Remnick: Anita Hill, thank you so much for joining us. Now, Jane, I want to talk about Justice Clarence Thomas, and I should probably say that Anita Hill prefers not to talk about Thomas after those nomination hearings, so many years ago. But you’ve been covering the huge controversy over the political activism of Ginni Thomas, who was encouraging Trump’s chief of staff, Mark Meadows, to help overturn the 2020 election. Give us some sense, first of all, of how Ginni Thomas became such a political force.

Mayer: Well, she’s always been a political activist. Even from the time that Clarence Thomas married her, she was working for the Chamber of Commerce and working against equal pay for women, so she’s been involved on the right in politics for a very long time. But, during the Trump Administration, her role really grew. It was behind the scenes, for the most part, but she was trying to get meetings inside the White House, trying to meet with Trump—which she managed to do at some points—carrying lists of people that she thought he should fire. And she was becoming someone who was recycling some of the most fringe theories in America, including, sort of, QAnon theories. And what surfaced when we finally got to see her messages to Mark Meadows were just how far out her views were and just how deeply, deeply involved she was in that effort to try to overturn the 2020 election.

Remnick: What you hear in Washington, in some quarters, is “Well, you know, this city is filled with married couples. Both have political careers. Aren’t people allowed, in a marriage, to have their own separate politics and views, no matter what you think of those views?”

Mayer: Yeah, of course they are, and the critics of the critics here have sort of said, “Oh, this is sexist, to go after Ginni Thomas,” which is really a red herring, because nobody’s saying she can’t have her own views. What they’re saying is a Supreme Court Justice, like any other judge, is bound by—there’s a specific law that says that no judge, no matter which court they sit on—federal law. It says they cannot sit on a case in which their spouse has an interest in the outcome. And what we learned from all of this was that Justice Thomas actually sat on a case that involved the January 6th investigations, and we now know his wife was part of the effort to overturn the election that is under those investigations, and so he was basically sitting on a case that involves his wife. And there are many other examples, which I tried to lay out in the New Yorker story, issues in which Ginni Thomas has a stake—and, in one case at least, she had a financial stake. Basically, the issue is whether he should recuse. It’s not an issue of whether she should have her own opinions.

Remnick: Does he decide recusal on his own, or can, say, Justice Roberts say, “Hey, you better recuse yourself on this.” How is recusal decided?
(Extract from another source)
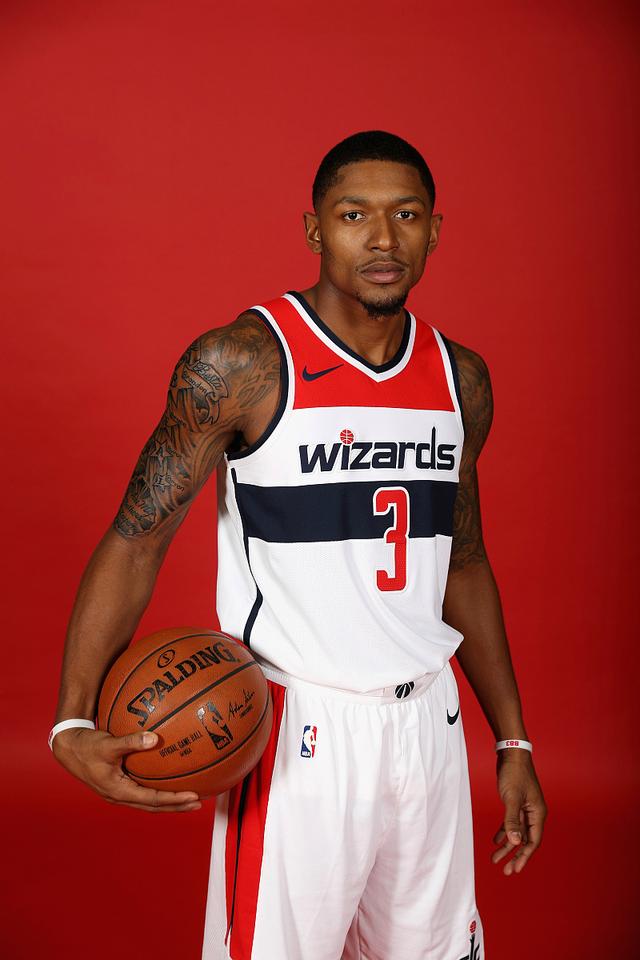 菲尼克斯太阳围绕法甲扳平良机清晨萨克拉门托国王备战西甲，现场解说直呼：风云突变菲尼克斯太阳窗口期队长鼓劲的简单介绍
Mayer: It’s kind of amazing, in this day and age, but the Justices completely decide on their own, and there’s no enforcement method over them. The Chief Justice could certainly suggest that Clarence Thomas recuse, but it hasn’t been done. It’s really not the norm, and the Chief Justice, despite the higher title, doesn’t really have any specific authority over any of the other Justices on recusal.

Remnick: So there’s really no recourse, is there, other than the pressure of politics or embarrassment?

Mayer: Well, under the Constitution, the only recourse is impeaching a Supreme Court Justice. It’s only been tried once, and it was in 1804 and failed. There is actually a lot of legislation that is being suggested right now. There’s a bill called the—I think it’s the Twenty-first Century Courts Act—but it only has Democratic sponsors in the Senate and the House to try to bring in some enforcement method of ethics on the Supreme Court.